La Esquina del Pastor
Queridos feligreses:
Me gustaría agradecerles a todos los que vinieron a nuestra cena
“Sabor a México” el domingo pasado. Nos lo pasamos muy bien
socializando con los otros feligreses y disfrutamos de auténtica
comida mexicana! Un agradecimiento especial al Comité del
Ministerio Hispano que organizó el evento, ¡y a todos los que
trabajaron tan duro para que fuera un éxito! No solo asistieron más
de 100 personas a este evento social parroquial, sino que
recaudamos más de $4,500 para la construcción y amoblamiento
de nuestro nuevo ¡Centro Juvenil!
Durante mis últimas semanas aquí en Sta. Helena y Nuestra
Señora de las Cuevas, me gustaría abordar algunos temas que,
espero, afectarán la vida de este comunidad parroquial, y ayudarán
a la parroquia a fortalecerse. Estas son cosas que han estado en mi
corazón durante algún tiempo, y he tratado de trabajar en ellos,
pero cuatro años (y dos de ellos afectados por la pandemia) no fue
tiempo suficiente para abordarlos a todos.

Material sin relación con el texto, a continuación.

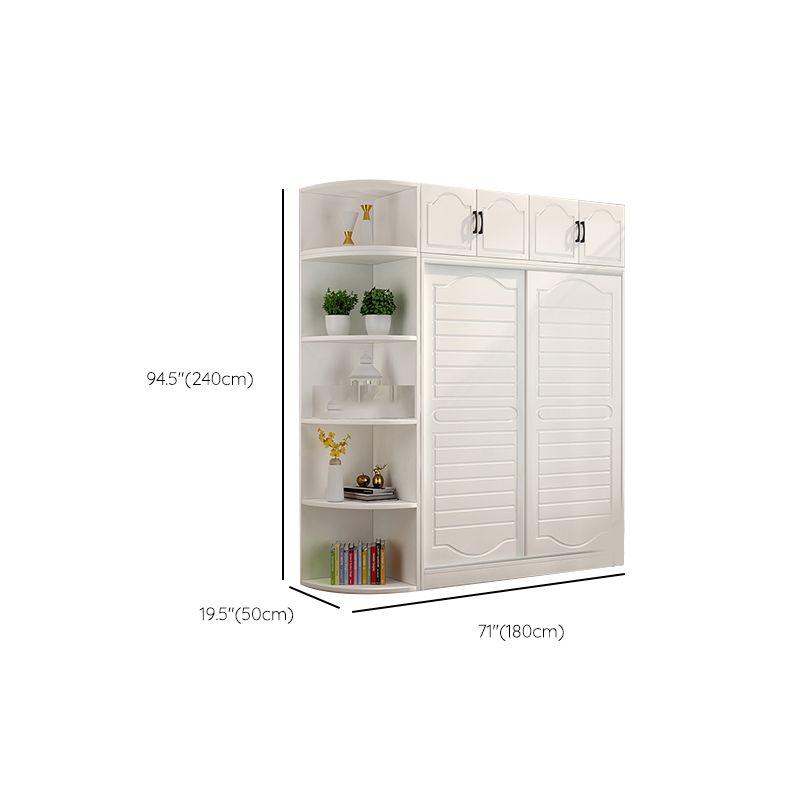 Modern White Wood Frame Wardrobe Freestanding Wardrobe with Soft Close Doors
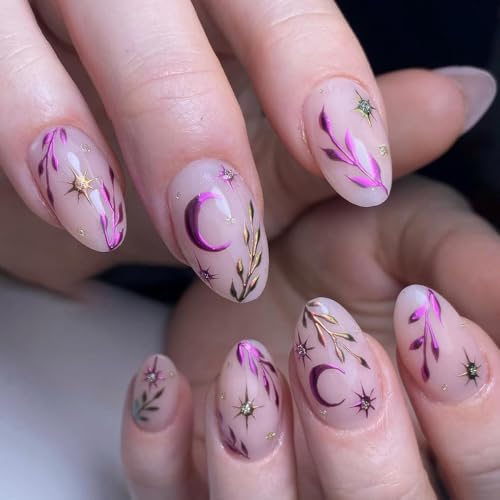 Oval Press on Nails Short Leaf Fake Nails Purple Moon Star False Nails Glossy Chrome Glue on Nails Reusable Acrylic Nails Artificial Stick on Nails for Women Decoration 24Pcs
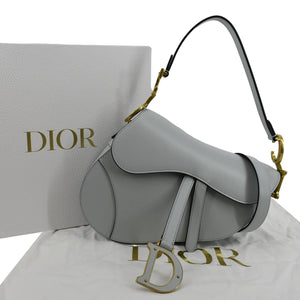 Christian Dior Saddle Smooth Calfskin Leather Satchel Shoulder Bag Placid Blue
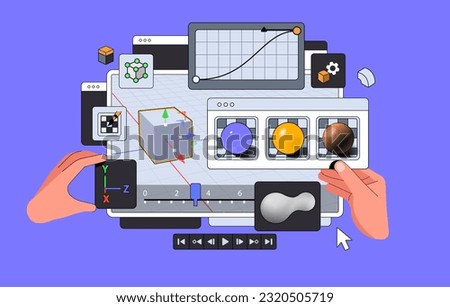 3D Software suite Interface Layout with hands. Viewport of Program for Motion Designers and Animators. Big panels. Minimal Vector illustration.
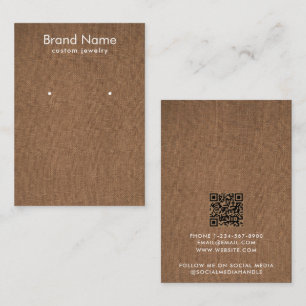 Modern Minimalist Brown Linen Jewelry Display Card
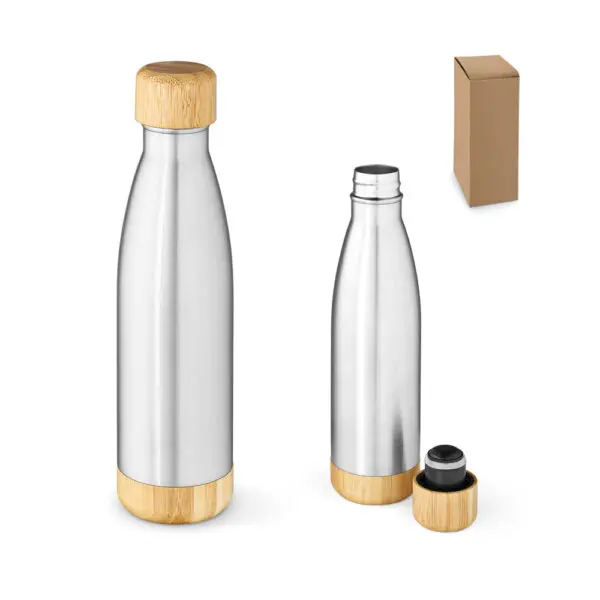 70536-Garrafa em aço inox (90% reciclado) com tampa em bambu 800 mL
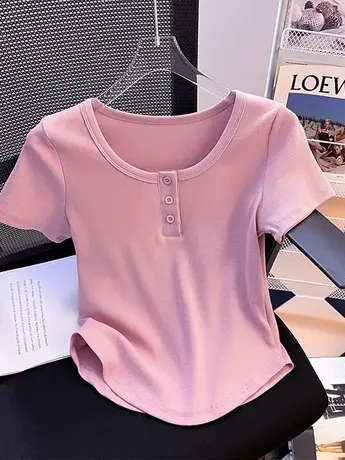 u领锁骨修身正肩短袖t恤女夏纽扣设计感短款小个子纯欲螺纹棉上衣商品大图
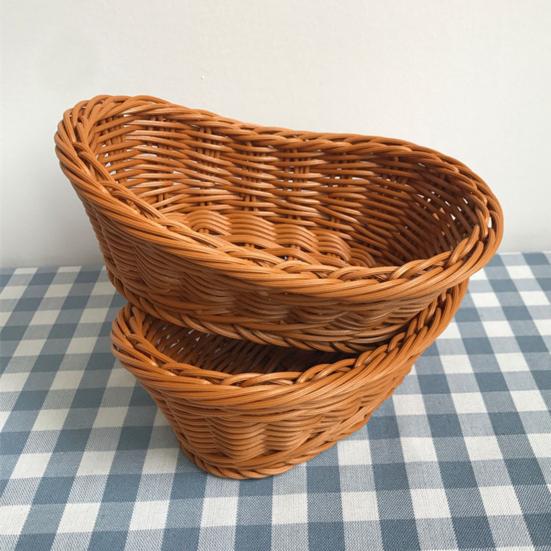 Storage Basket Food Grade Quick Drainage Oval Safe Curved Artificial Rattan Braided Food Basket Household Supplies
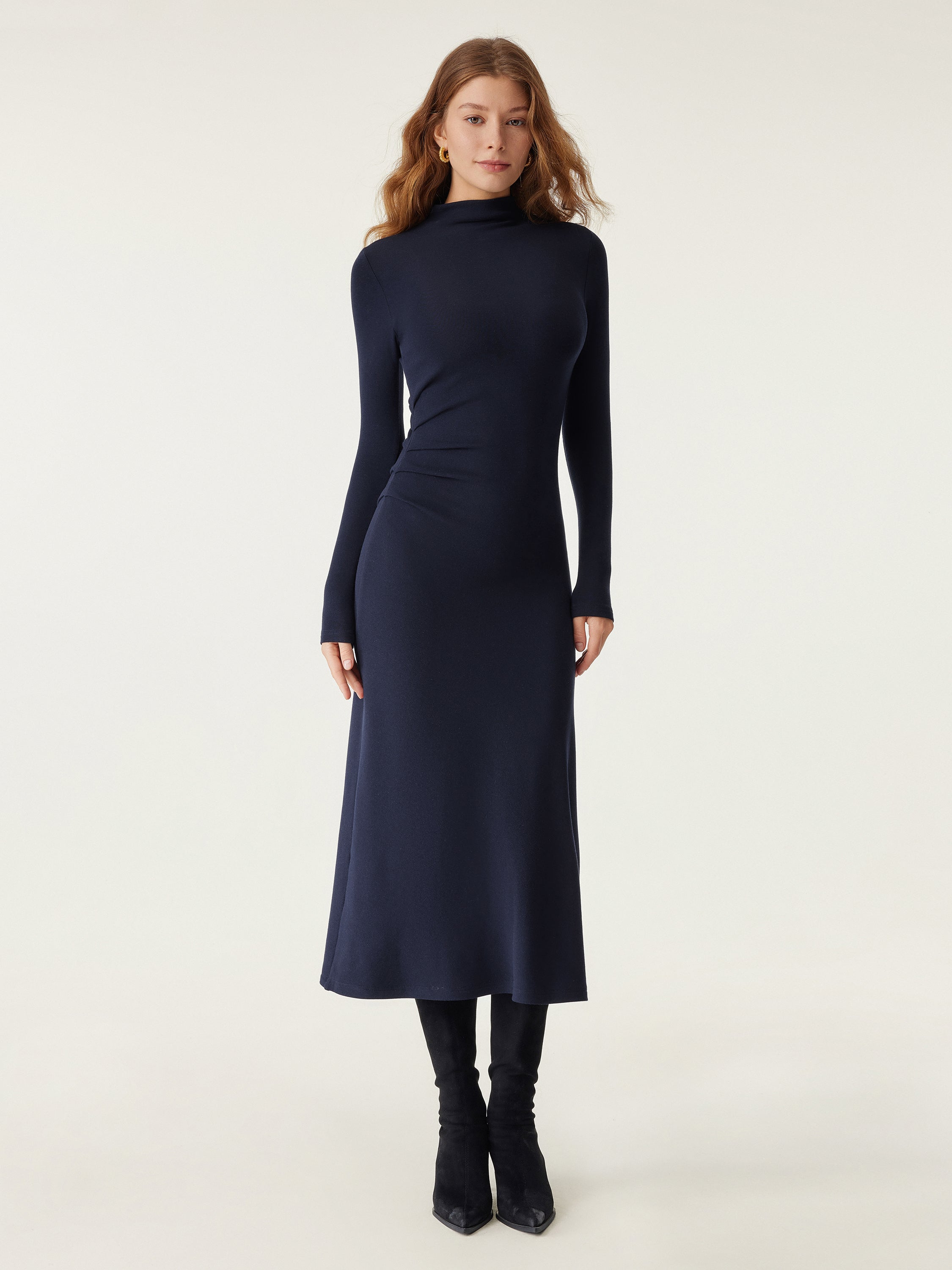ProWarm Long Sleeves Mockneck Tucks Midi Dress Midnight Navy – Women > Dresses > Midi Dresses | FormaLuxe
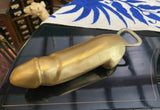 Wooden Gold Painted Penis Bottle Opener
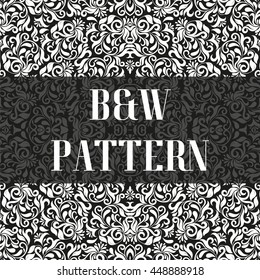 Seamless flower pattern in black and white style. Vector illustration. Decorative flowers and design elements for textile, book covers, manufacturing, invitations, greeting cards, print, gift wrap.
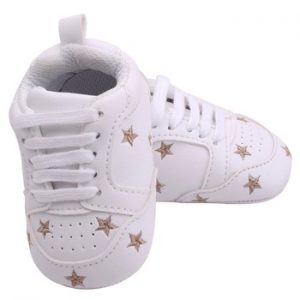 2017 Baby Shoes Newborn Boys Girls Heart Star Pattern First Walkers Kids Toddlers Lace Up PU Sneakers 0-18 Months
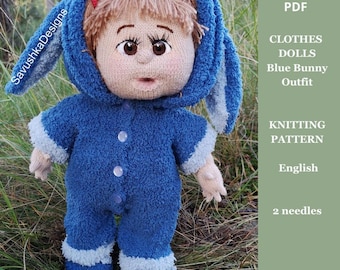 Doll Clothes Knitting Pattern, Blue Bunny Romper for toys 14 inch Knit flat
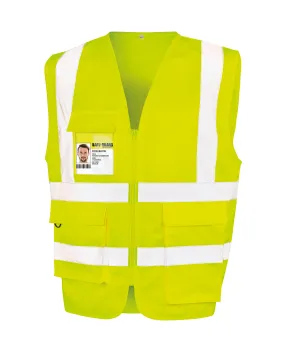 Heavy duty polycotton security vest | Fluorescent Yellow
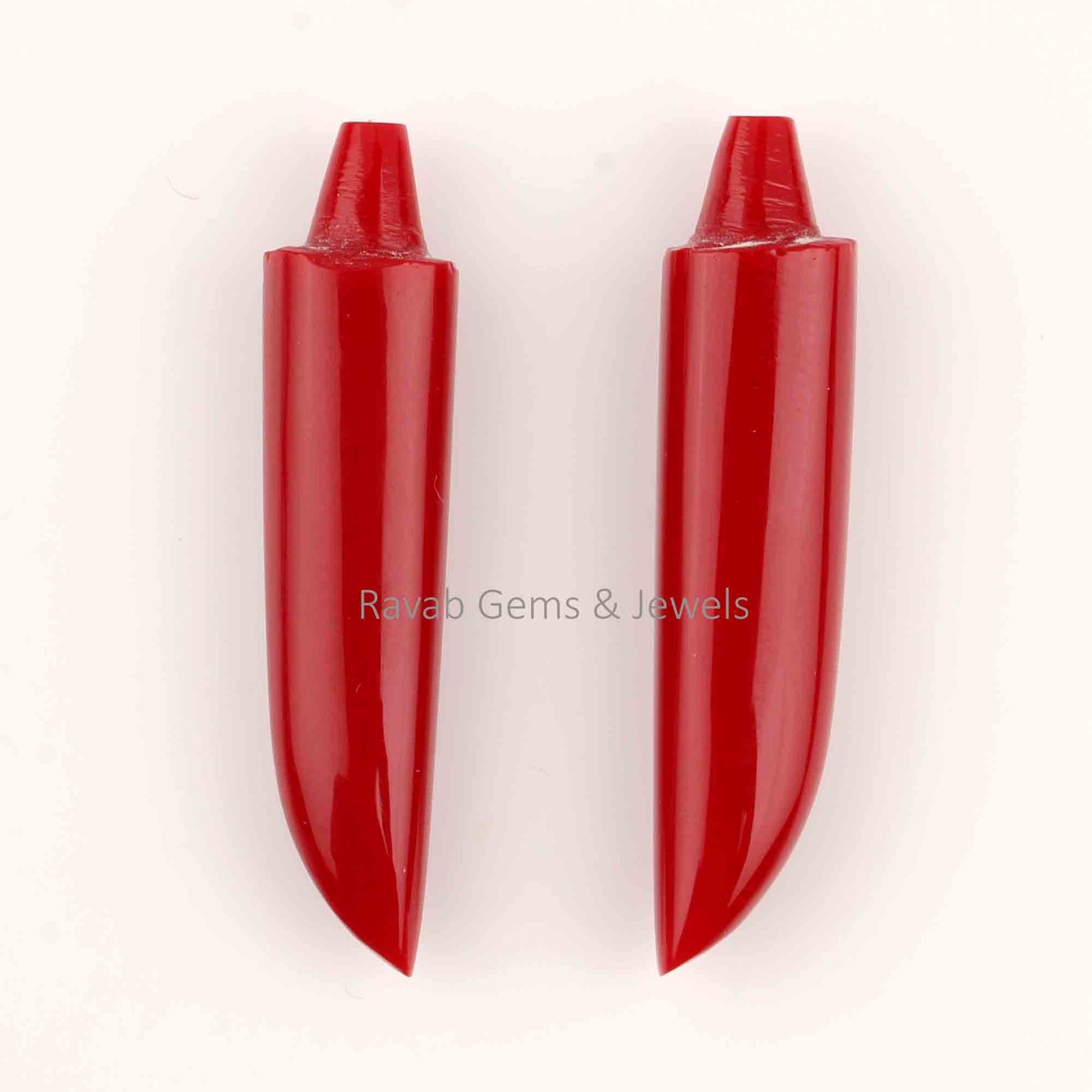 7x30mm Red Coral Gemstone Long Sword Shape Gemstone, Smooth Briolette Calibrated Stones, Loose Beads Stone For Bridemaids Jewelry- 2 Pcs set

Primero: como Católicos, estamos unidos por nuestra Fe
(expresada en el Credo, el Catecismo, y las enseñanzas oficiales
de la Iglesia sobre la fe y la moral), por nuestra participación en
los Sacramentos (especialmente en la Sagrada Eucaristía), y por la
oración. Pero estamos llamados a una unión de corazones y de
mentes como una familia, como el “Pueblo de Dios” peregrinando
por esta vida hacia la vida eterna del cielo. Esto se vive en
términos prácticos al ser formados en comunidades parroquiales.
La parroquia es nuestra familia espiritual, nuestra comunidad de fe
que es parte de la comunidad más grande de la arquidiócesis, y de
toda la Iglesia Católica.
No somos salvos como individuos autónomos. Somos salvos
como miembros de Cristo, unidos a Él en Su Santa Iglesia
Católica. Necesitamos apoyarnos el uno al otro en la oración, en
nuestro testimonio de fe, en el culto común y en ser la familia de
fe. Necesitamos unirnos, como parroquia, para socializar con unos
a otros, para formar amistades con aquellos que comparten nuestra
herencia común de la fe: la herencia que se nos han transmitido a
través de los santos y de nuestros antepasados en la fe. Debemos
ver a Sta. Helena como nuestro “Rancho Católico”, donde nos
ayudamos unos a otros en el camino a la vida eterna.
La cena “Con Sabor a México” del pasado domingo fue nuestro
primer gran evento “pospandemia como familia parroquial.
Tenemos nuestra Nieve Social anual próximamente en agosto, ¡y
necesitamos personas que se ofrezcan como voluntarias!
Necesitamos más oportunidades donde nos reunamos, como una
parroquia entera, o en grupos más pequeños como estudios
bíblicos, grupos de madres, grupos de hombres, grupos de adultos
jóvenes, etc. ¡Encienda el fuego de la vida comunitaria en esta
parroquia! Preséntese usted mismo a alguien en la parroquia que
no conoce, inicie una conversación, atraiga a otros a hacer
actividades contigo por el bien de esta familia parroquial!.